A Question About The First Step In Induction

Question

I am currently learning mathematical induction from this site (https://www.mathsisfun.com/algebra/mathematical-induction.html). It has broken induction into 3 steps:

1. Show that it is true for n=1
2. Assume it is true for n=k
3. Show that it is true for n=k+1

I have 4 questions:

1. Why, of all numbers do we pick n=1? Can't we pick something like n=1, n=2, or the like?

2. Why do we need the 3rd step? I get a feeling it is to prove that it is true for all n=k, but if that is so, how does it do it? It does prove that it is true for all n=k+1, but that is based on the assumption that n=k; and therefore doesn't prove it. Because if a proof is based on an assumption, how does that prove anything?

3. Why do we need the first step when we show that it is true for all n=k+1?

4. In n=k+1, why do we add 1? Why can't we subtract 1, or add 2, etc? Why must it be n=k+1?

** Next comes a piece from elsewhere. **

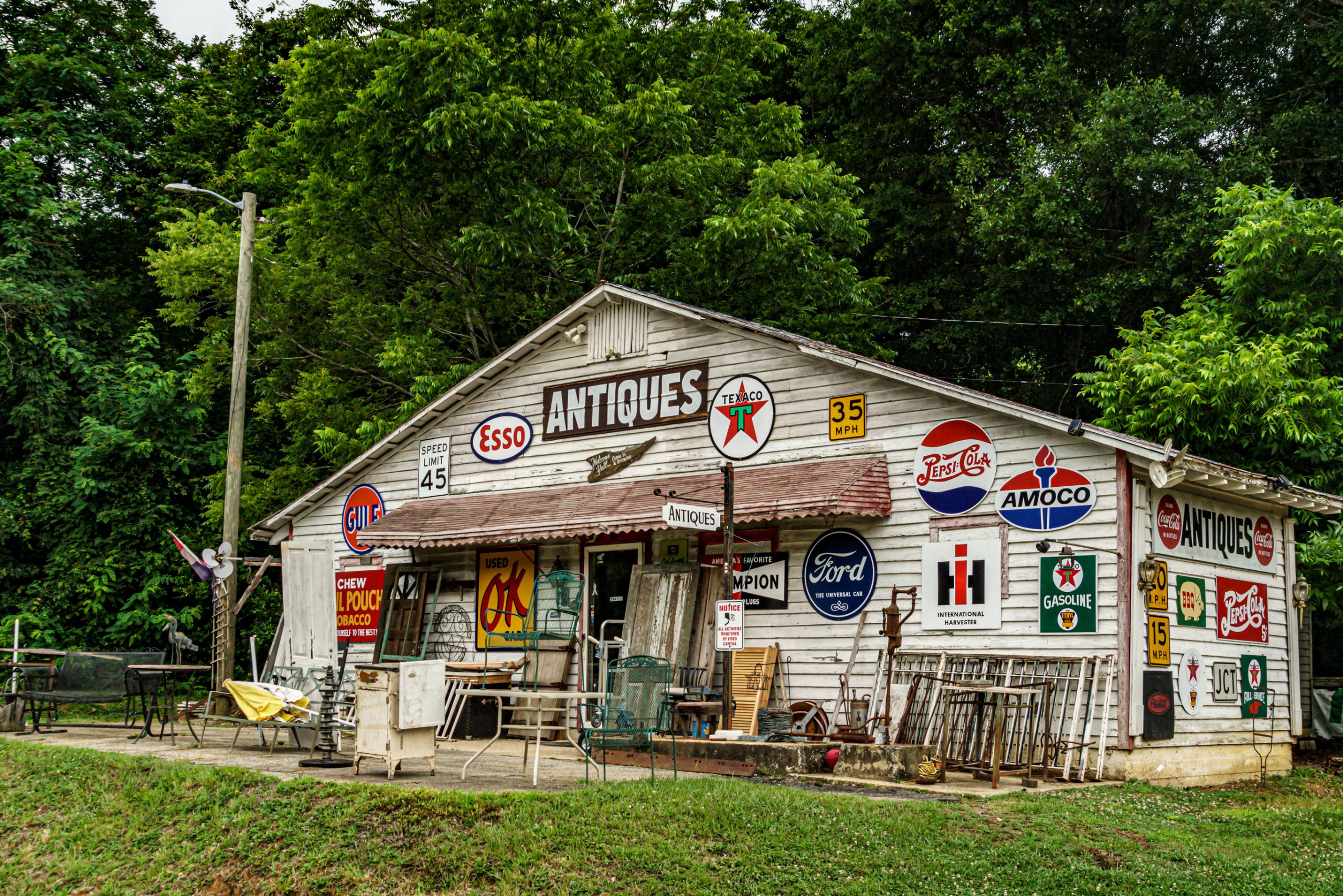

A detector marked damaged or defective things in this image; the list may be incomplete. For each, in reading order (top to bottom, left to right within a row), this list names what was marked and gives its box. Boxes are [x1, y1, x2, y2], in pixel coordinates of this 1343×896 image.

rusty metal roof [355, 455, 890, 546]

Is it possible to answer the question at the level of a Pre-Calc student, who hasn't learnt Calculus (obviously), set theory, and all those complicated stuff?

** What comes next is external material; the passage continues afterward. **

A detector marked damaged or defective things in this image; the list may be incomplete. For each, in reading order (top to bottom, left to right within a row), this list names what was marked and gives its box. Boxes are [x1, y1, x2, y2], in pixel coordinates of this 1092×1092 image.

This question is different from "Dominoes and induction, or how does induction work?" because I have learnt neither limit notation nor L'Hopital's rule, and the other question contains them. This is important for a Precalc student who understands neither of them.

Answer 1

1. You can prove it for $n=2$ or even $n=1000$ but then the induction proves the statement is true for $N\geq 1000$ rather than $N\geq 1$. It really depends on what you are trying to prove.

The rest of the questions sound a little like rambling because you do not understand what is happening when you use a proof by induction. I will try to explain that to you.

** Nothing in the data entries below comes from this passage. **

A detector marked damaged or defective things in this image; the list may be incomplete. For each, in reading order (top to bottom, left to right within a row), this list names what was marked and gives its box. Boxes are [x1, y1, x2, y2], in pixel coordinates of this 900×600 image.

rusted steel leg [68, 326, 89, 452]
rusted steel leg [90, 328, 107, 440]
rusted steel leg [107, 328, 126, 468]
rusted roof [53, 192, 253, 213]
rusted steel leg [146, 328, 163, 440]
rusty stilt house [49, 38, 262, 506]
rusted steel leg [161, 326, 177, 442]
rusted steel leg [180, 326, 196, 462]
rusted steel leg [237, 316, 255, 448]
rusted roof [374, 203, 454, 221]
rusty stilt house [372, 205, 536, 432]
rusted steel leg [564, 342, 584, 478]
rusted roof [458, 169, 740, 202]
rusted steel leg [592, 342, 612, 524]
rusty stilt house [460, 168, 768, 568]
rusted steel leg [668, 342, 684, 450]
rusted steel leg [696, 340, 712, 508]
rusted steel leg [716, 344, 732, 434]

So first we prove that the statement is true for $n=1$ (or some other number, that is irrelevant).

Next, we show that if the statement is true for $n=k$ then it is true for $n=k+1$. Keep in mind, that we have not proved that the statement is true for $n=k$, we have proved the implication, " If the statement is true for $n=k$, then it is true for $n=k+1$". In layman terms, we have proved that if the statement is true for some number, then the statement has to be true for the next one.

Once we have done that, we go back to the first step we have done. We have shown that the statement is true for $n=1$, by our proof, that means the statement is true for the next number, $n=2$. But now, we know it is true for the next number $n=3$. etc, we do that continuously and so we have proven that the statement is true for all $N\geq 1$

Regarding question 4. If you prove the implication for $n=k+2$ then try to think why the reasoning above does not apply.

Answer 2

Close your eyes and imagine you have a three years old boy and a very tall ladder.

The boy learns how to climb one step at the time.

If the boy does not get on the ladder then you can relax.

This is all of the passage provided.